__Input material__:
▼▼▼
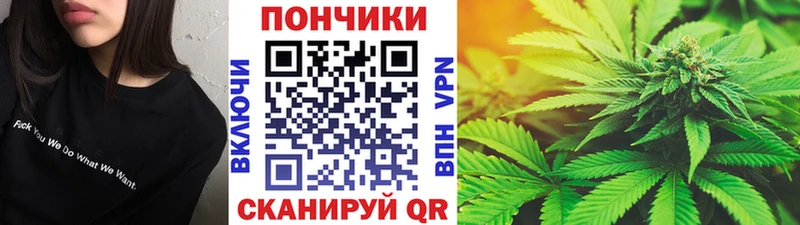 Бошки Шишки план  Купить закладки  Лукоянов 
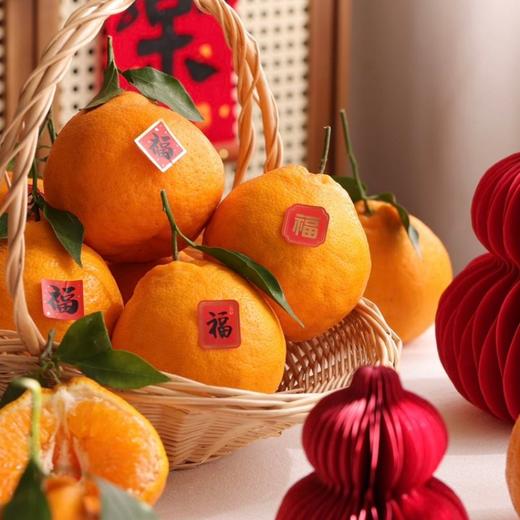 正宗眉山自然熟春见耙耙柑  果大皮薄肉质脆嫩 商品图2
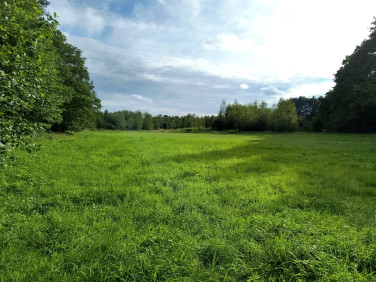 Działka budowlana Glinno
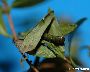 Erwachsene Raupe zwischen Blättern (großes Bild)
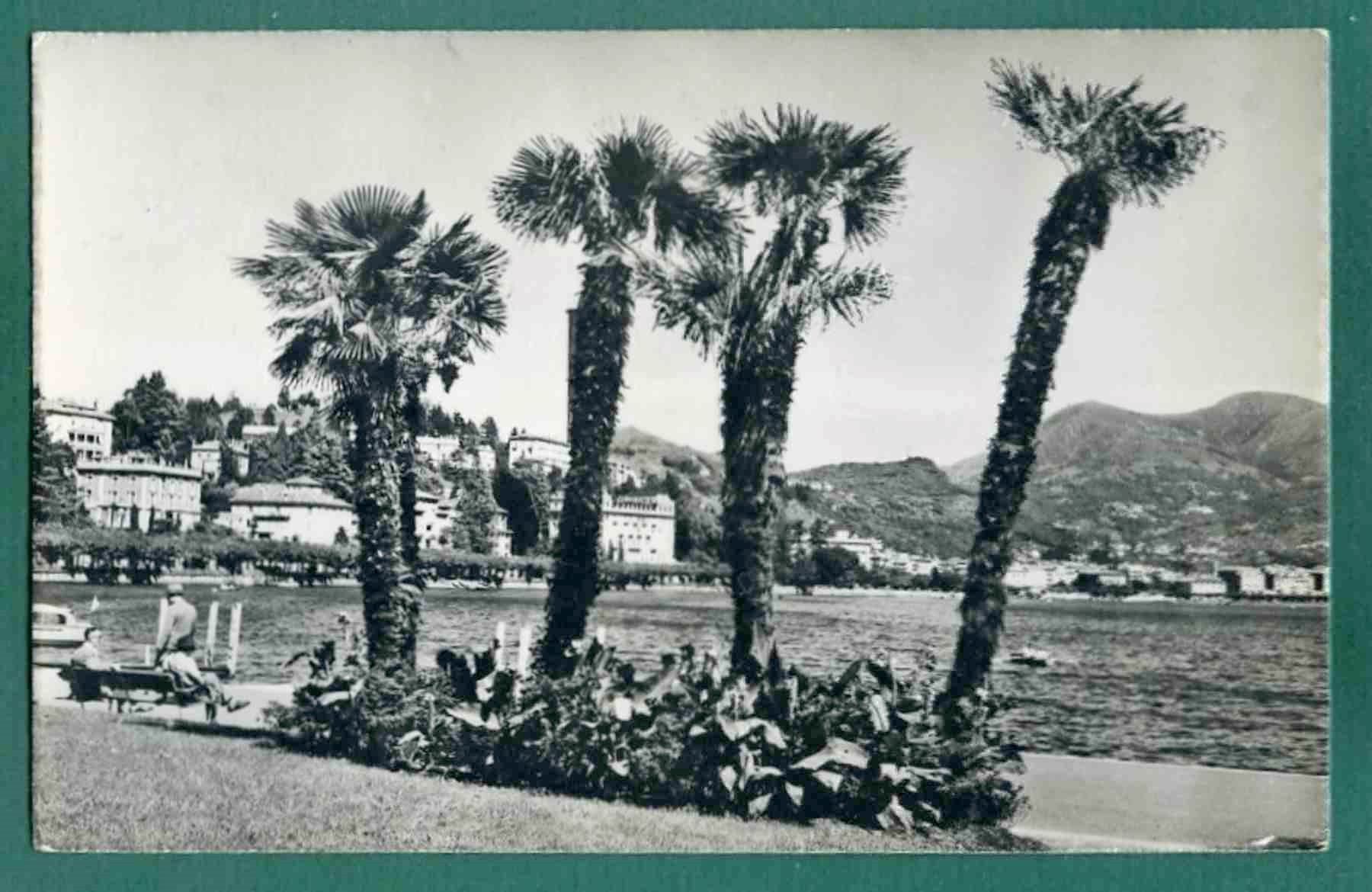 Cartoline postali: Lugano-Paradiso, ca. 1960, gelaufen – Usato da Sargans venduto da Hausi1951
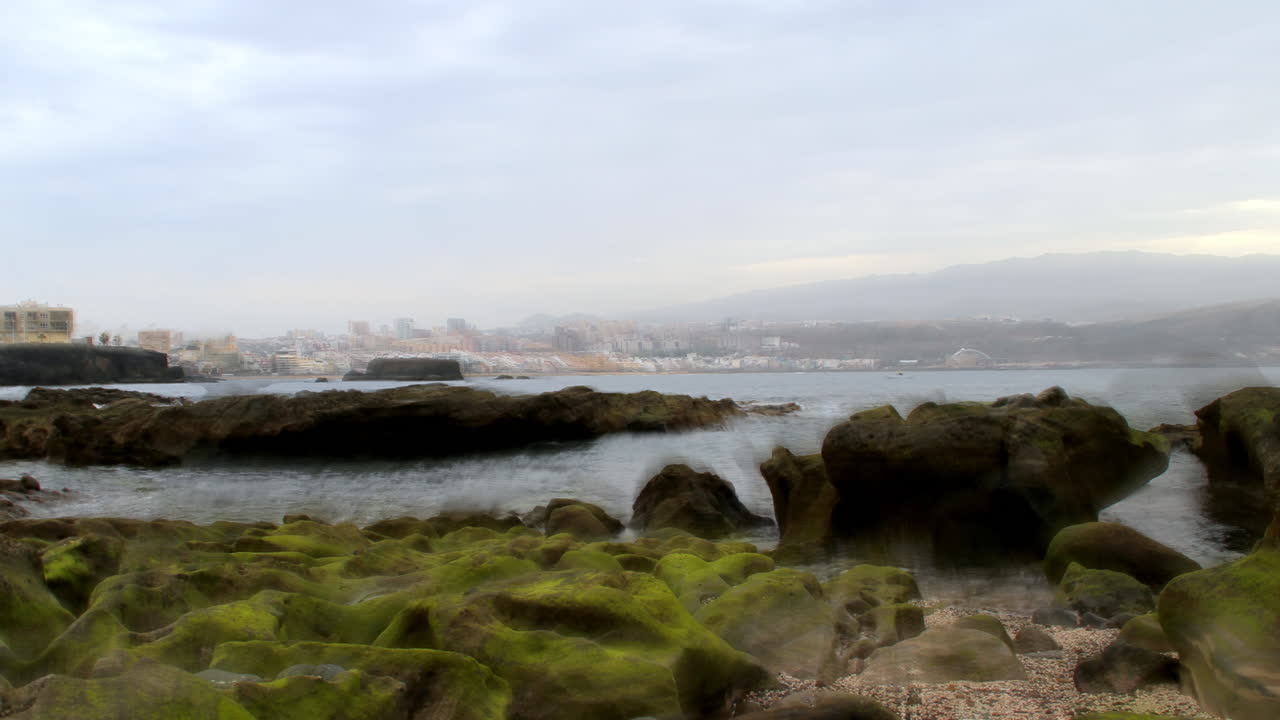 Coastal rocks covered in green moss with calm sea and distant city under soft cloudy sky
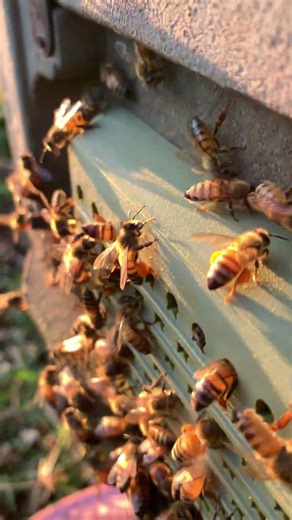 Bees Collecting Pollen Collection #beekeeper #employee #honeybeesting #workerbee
▲▲▲
▼▼▼
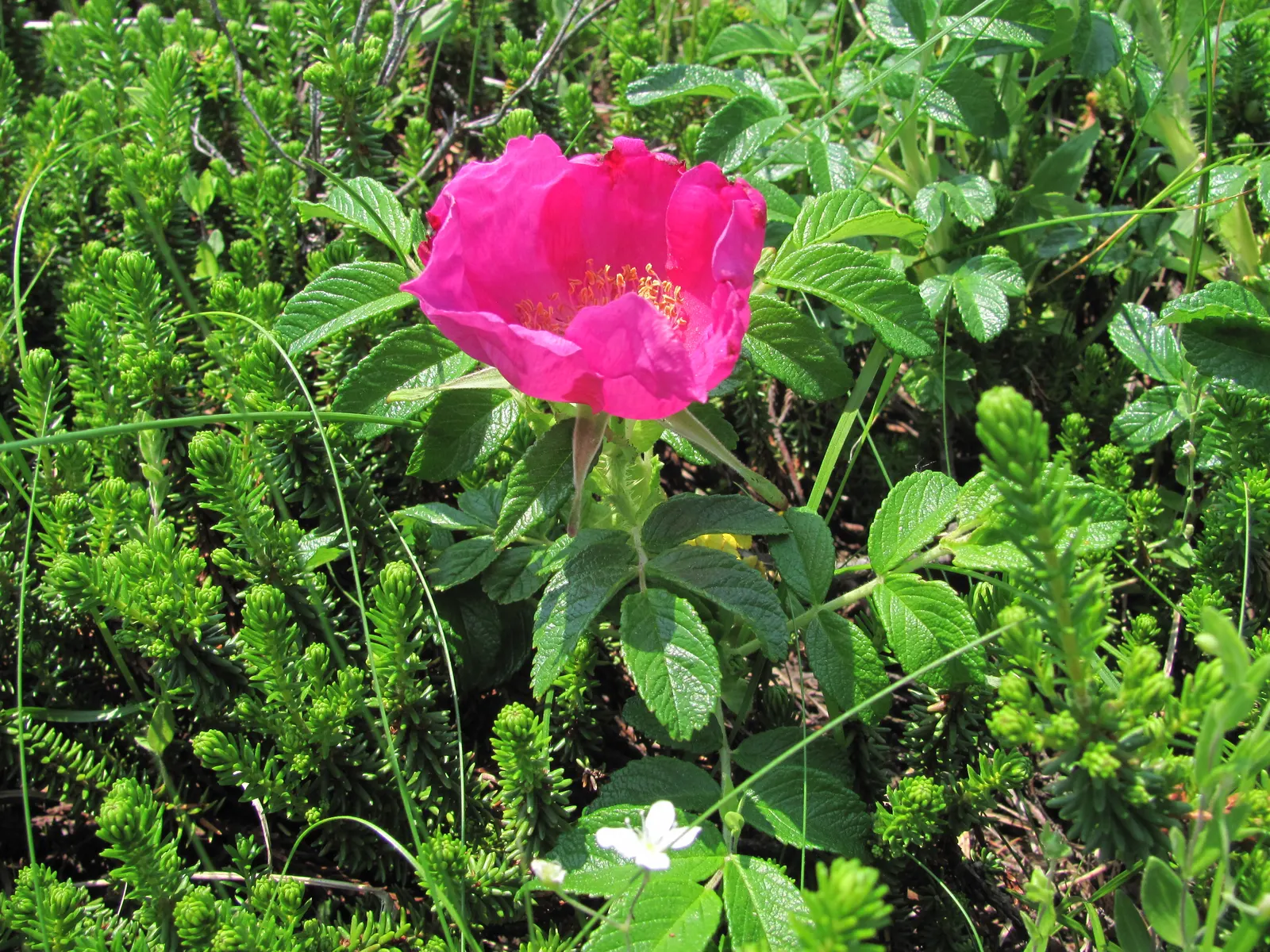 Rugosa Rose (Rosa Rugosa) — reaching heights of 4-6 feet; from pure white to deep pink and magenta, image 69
▲▲▲
__Work to be completed__:
When you reach the line that has "Бошки Шишки план" in the data above, start repeating lines exactly, and stop after the line that has "Bees Collecting Pollen"; pictures stay out.

__Exercise answer__:
 Бошки Шишки план  Купить закладки  Лукоянов 
 正宗眉山自然熟春见耙耙柑  果大皮薄肉质脆嫩 商品图2
 Działka budowlana Glinno
 Erwachsene Raupe zwischen Blättern (großes Bild)
 Cartoline postali: Lugano-Paradiso, ca. 1960, gelaufen – Usato da Sargans venduto da Hausi1951
 Coastal rocks covered in green moss with calm sea and distant city under soft cloudy sky
 Bees Collecting Pollen Collection #beekeeper #employee #honeybeesting #workerbee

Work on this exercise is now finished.